# mudhole x flock



## lucky strike (Jun 5, 2008)

Hi fellas,
I'm getting ready to put some shrink wrap on a surf rod that I am extending.
I saw x flock at mud hole. How good is this stuff? do any of you have any experience with it?

OH, by the way ,I am also looking for a discarded piece of butt section from an AFAW 13 ft surf about 5 r 6 " long if someone might have a piece laying around.
Thanks,LS


----------



## basstardo (Jun 5, 2006)

All my surf sticks have the x-flock shrink wrap on it. I love the stuff. Cork tape gets funky and is a little too flaky for me. The x-flock grips very well, even when wet, and has stood up to being put in a rod spike for a few years for some of the rods now. The only difference is I get mine from FishSticks instead of Mudhole, but I really doubt there is any difference in the product.


----------



## kingfisherman23 (Dec 14, 2003)

I have x-flock on two of my rods right now and I love it. Second what basstardo said. It is tough and grips well.

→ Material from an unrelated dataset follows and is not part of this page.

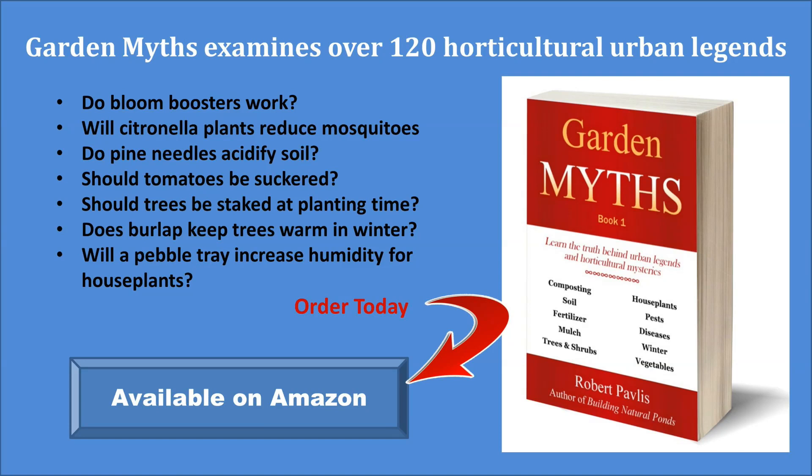If you enjoyed this video, you will also like my book called Garden Myths. In it I look at common gardening advice and determine if it is really true. I cover topics such as: does beer really kill slugs? Can you use vinegar to get rid of weeds? And will citronella plants keep mosquitoes away? If you're interested in this book, the best place to get it is Amazon.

If you order from Mudhole, give them a call before paying the shipping. I ended up paying $9 for a manilla envelope. I called them and they said that if I'd called prior to paying I probably could have gotten shipping reduced.

Evan


----------



## junkmansj (Jul 23, 2005)

WHY should you HAVE to call?


----------



## RuddeDogg (Mar 20, 2004)

Got it on my OM Cape Point and love it.


----------



## basstardo (Jun 5, 2006)

junkmansj said:


> WHY should you HAVE to call?


I agree, but...

If you need to order a one off piece...like a spool of thread, a guide, whatever that's just a single piece. Say you forget to order 1 guide out of a set you need. If you call them, they will ship it to you for cost rather than 9.95. To me, that's worth making the call. I'm not saying I like their shipping though. Acidrod has the real deal, you pay what they pay. Just takes a long time to get the stuff to the east coast versus a day or two from Mudhole. YMMV.


----------



## kingfisherman23 (Dec 14, 2003)

Glad you got it done RuddeDogg. I've loved mine, and just recently I removed the reel seat to convert the rod to coasters.

Evan


----------



## RuddeDogg (Mar 20, 2004)

Yep, junkman gave me a hand with it. It feels great. My break away and my two diawa saltigas are like that.


----------



## lucky strike (Jun 5, 2008)

Thanks Basstardo---LS


----------